Las cartas de derechos por su parte deben recoger los derechos negativos que son propios de cada hombre por el mero hecho de existir, creando así esferas de inviolabilidad que protejan a las minorías de las decisiones perversas de la mayoría y que garanticen el mayor ámbito de libertad posible para la acción individual. Estas cartas de derechos deberán por lo tanto estar formuladas para acotar la tendencia totalizadora de un proceso democrático sin barreras. Es dentro de ese marco donde el mercado y las instituciones propias de la sociedad civil podrían crear soluciones voluntarias para todo tipo de servicios incluidos los tradicionalmente asignados al Estado como son la defensa, la justicia y el ordenamiento jurídico. A los ojos del ciudadano de hoy, más emprendedor que nunca, muchas de las constituciones vigentes empiezan a intuirse obsoletas ante el obstáculo que suponen para la implantación efectiva de soluciones de mercado que aprovechen los rápidos avances informáticos.

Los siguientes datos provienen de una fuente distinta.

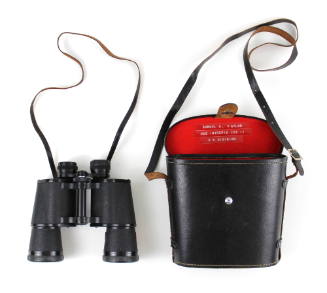 Binoculars with attached strap alongside their black carrying case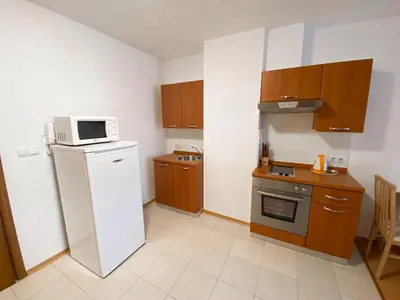 a small kitchen with a refrigerator and a microwave at Private Studio 500m from Gondola in Bansko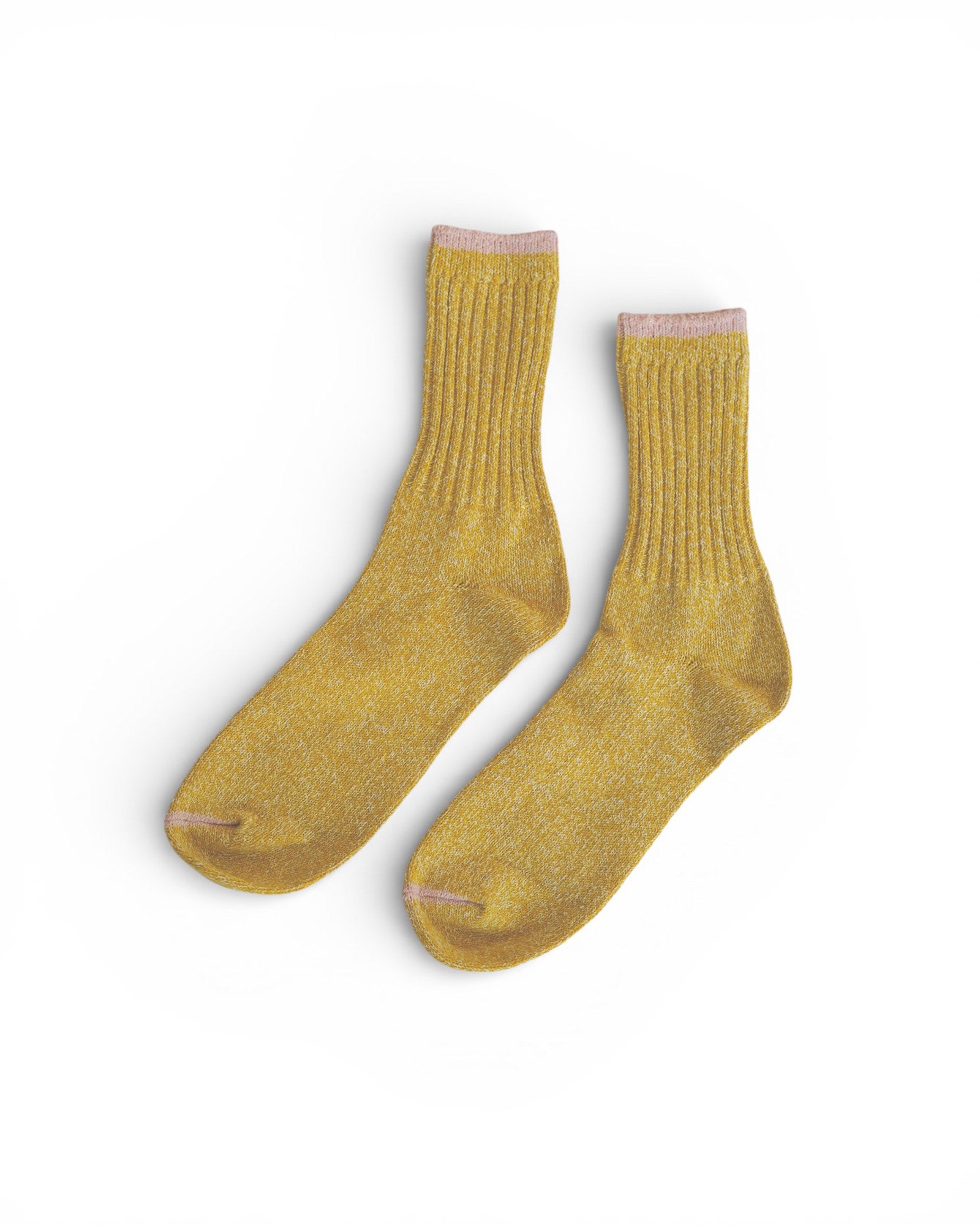 A pair of Silk Cotton Socks in Yellow by Pyne and Smith Clothiers, featuring ribbed recycled cotton and light pink trim at the cuffs, displayed side by side on a white background.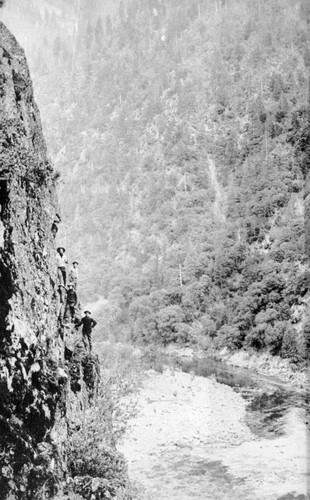 Five men on a steep bank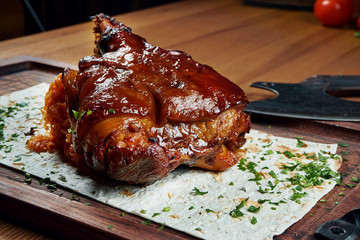 A classic dish of German and Czech cuisine is pork shank in beer and honey sauce on a wooden board. Beer snack. Tasty food close up. Roasted pork knuckle eisbein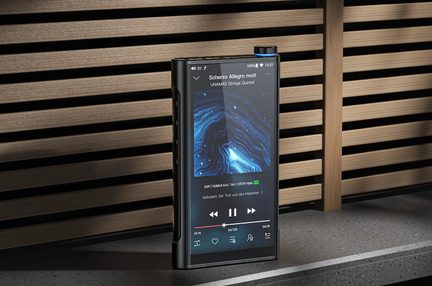 Sort, digital musikafspiller i metal, set fra trekvart front, med stor aktiv touchskærm, blåtonet cirkulær drejeknap øverst til højre og tre sideknapper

Y es que la disolución del Estado, o por lo menos de esa parte que actualmente invade la esfera civil, puede producirse con el advenimiento de las nuevas tecnologías que, con su capacidad de interconectar a los diferentes ciudadanos, facilitan la coordinación social a través de la búsqueda de ganancias y nos proveen de las herramientas para dar soluciones de mercado a demandas que antes no era fácil materializar desde el sector privado.

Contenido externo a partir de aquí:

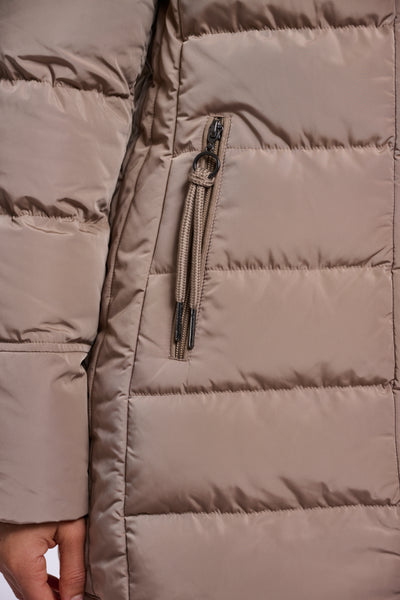 Close-up of a padded coat in a taupe-beige colour showing horizontal stitching, a vertical zippered pocket with a matching zipper pull, and a hand at the bottom left.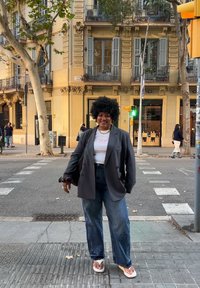 Čierne sako cez bielu košeľu, široké modré rifle, žabky a textúrovaný afro účes; stojí na mestskej ulici s budovami v pozadí.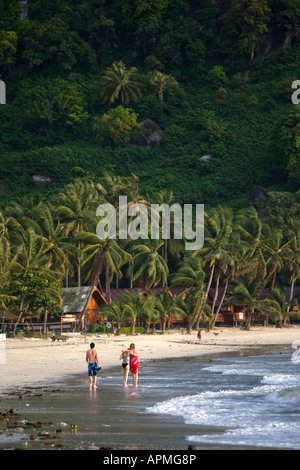 Junge Menschen gehen in Wellen am Rand des Wassers Hat Rin Nok Sunrise Beach Ko Pha Ngan Thailand Stockfoto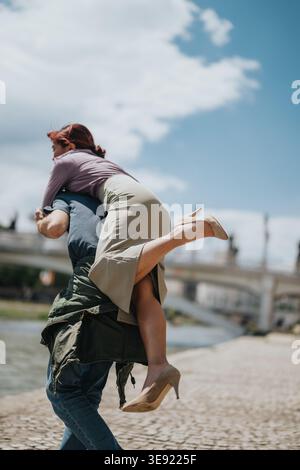 I colleghi giocosi condividono un momento di vita lungo il fiume e un ponte con un abbigliamento casual per affari Foto Stock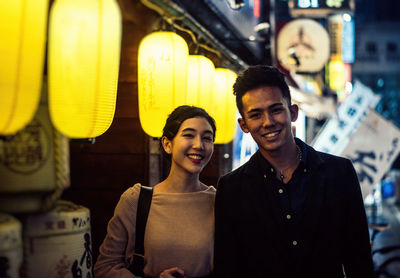 Portrait of smiling couple standing on street in city at night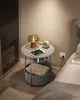 A bedside table next to a bed, with a lamp, tablet, and alarm clock on top. Náhled obrázku produktu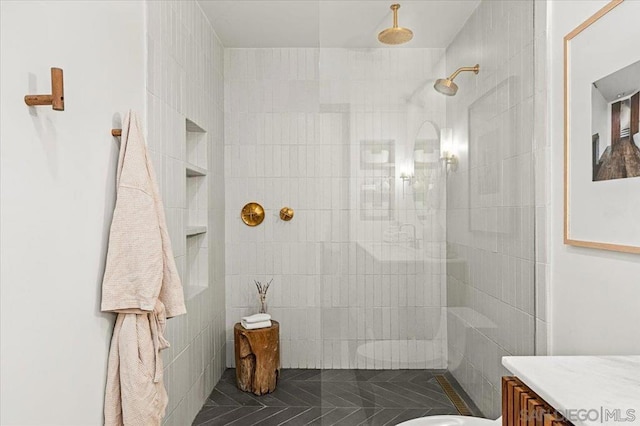 bathroom featuring vanity and tiled shower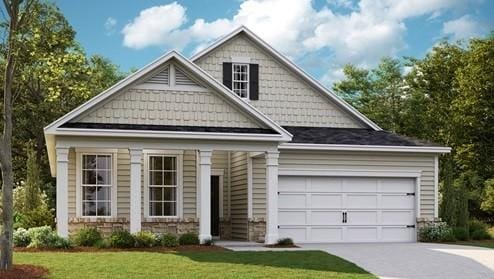 view of front of home with concrete driveway and a garage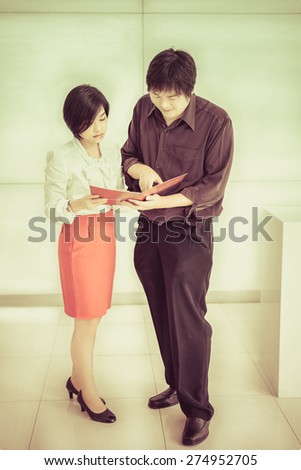 Thai (Asian) boss is ordering a task for his cute secretary in the office in vintage color. It is teamwork concept.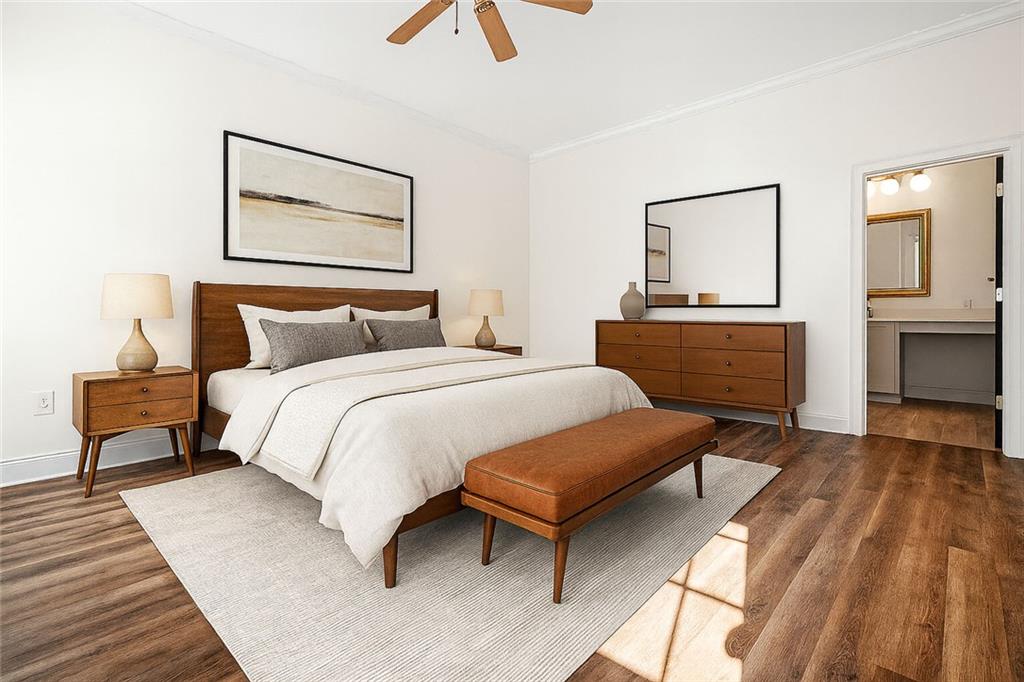 1635 Briarcliff Rd Road, Unit 8 Atlanta, GA 30306 - Photo 21 of 29 a bedroom with a bed and wooden floor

Con las nuevas tecnologías la sociedad se emancipa paulatinamente del Estado y deja cada vez más en evidencia su ineficiencia como provisor de servicios. Un monopolio como el del taxi ya ha sucumbido gracias a Uber, el statu quo hotelero puede cambiar con Airbnb, incluso la moneda puede verse amenazada en este entorno electrónico con soluciones como Bitcoin. Internet está sustituyendo paulatinamente a la televisión y quién sabe si en un futuro cercano las plataformas digitales nos conectaran con médicos, enfermeros o psicólogos para proveernos, con mayor riqueza, de servicios de salud, y si lo mismo ocurrirá con la enseñanza. Quién sabe también si incluso las nuevas tecnologías nos facilitarán los servicios que constituyen el núcleo duro del Estado: la justicia y la defensa.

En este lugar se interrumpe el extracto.